The female characters in this book are, on the whole, troubled people for whom the reader develops some sympathy.  The men are less sympathetically drawn.  Scott is emotionally abusive; Tom is philanderer and also abusive; Mac (whom we don’t actually meet) is a junkie who is quite ready to let his girlfriend take full responsibility for the tragedy for which he is an least half responsible; even Kamal takes advantage of a therapist/patient situation and divulges information given to him in confidence.

The story is told through the thoughts or diaries (we are never quite sure whether the words are actually written down) of Rachel, Megan and Anna – allowing the reader to get inside the head of each of these women.

The real achievement of this book is in the unfolding of the plot, which keeps the reader guessing whodunnit (and what they did) until almost the end of the story.  As a thriller, it is masterful.
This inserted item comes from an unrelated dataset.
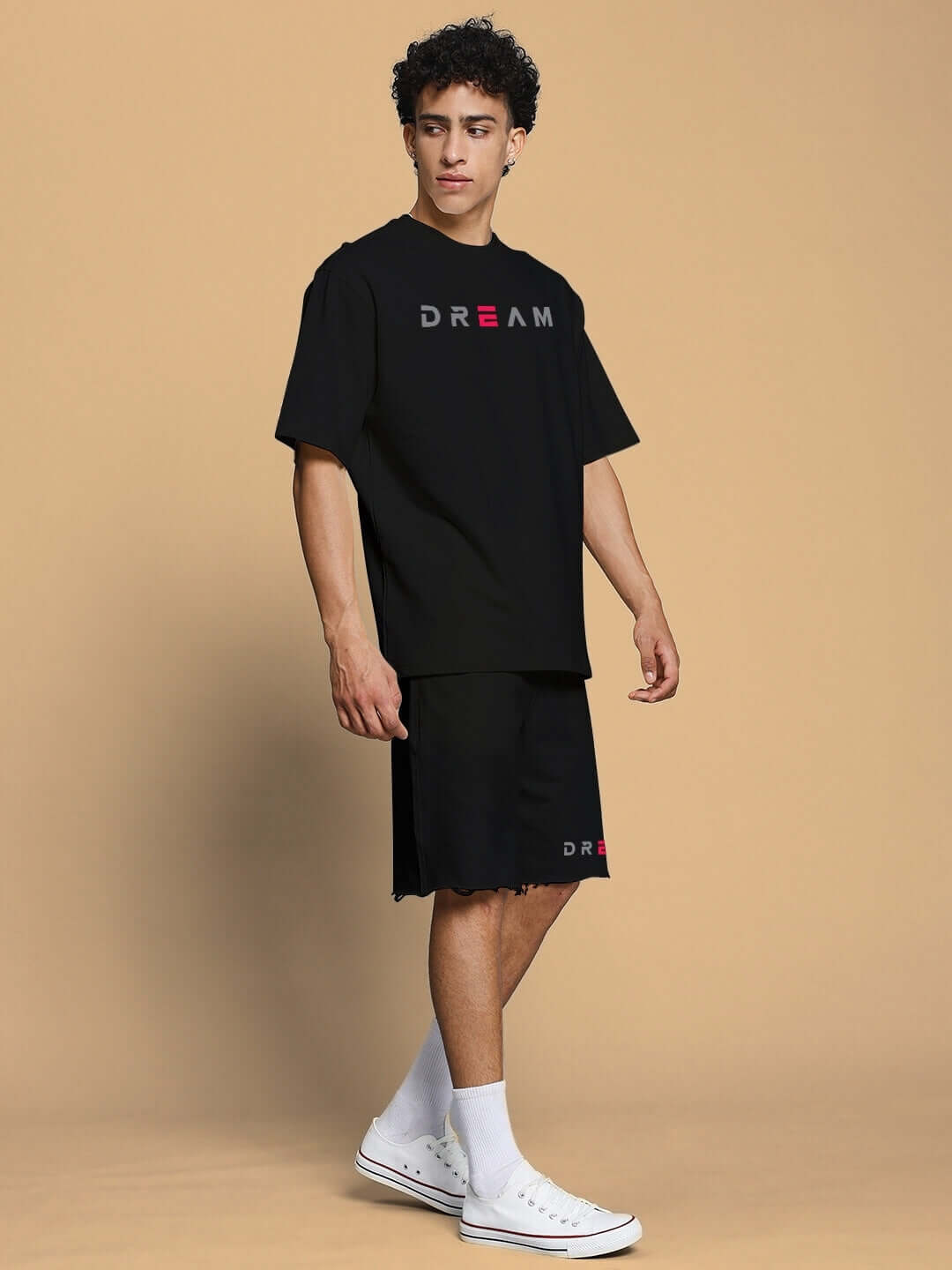 Person wearing FANCY DREAM REGULAR FIT SHORTS BLACK with matching t-shirt, standing against a beige background.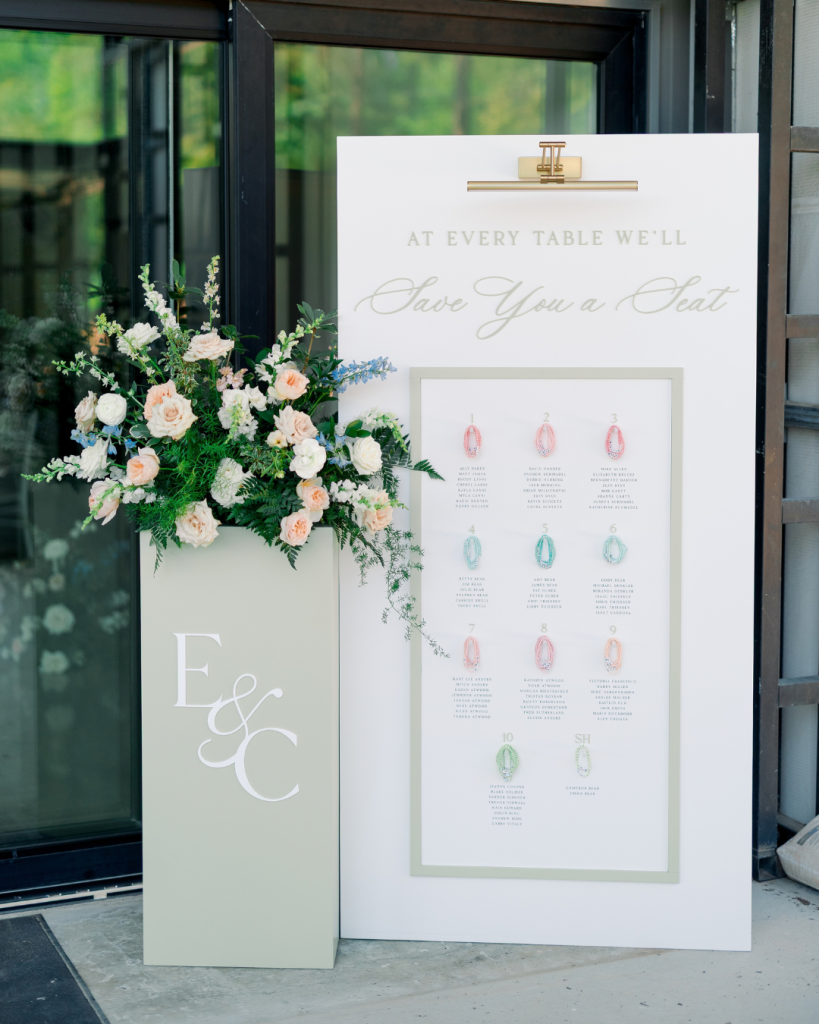 Custom friendship bracelet seating chart with peach and white florals at Emma and Cameron’s wedding at Splendor Pond in Mooresville, North Carolina.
The tension builds in the last half of the book after a sluggish start.  Perhaps the slow start is necessary in order for the reader to understand the problematic ‘back stories’ of both Rachel and Megan, and to being to see them both as victims, rather than just as troubled women or ‘nutcases’.

I recommend this book and give it a score of 6 or 7 out of 10.  Better than I had expected.  But I wouldn’t rush out to read the next book by this author.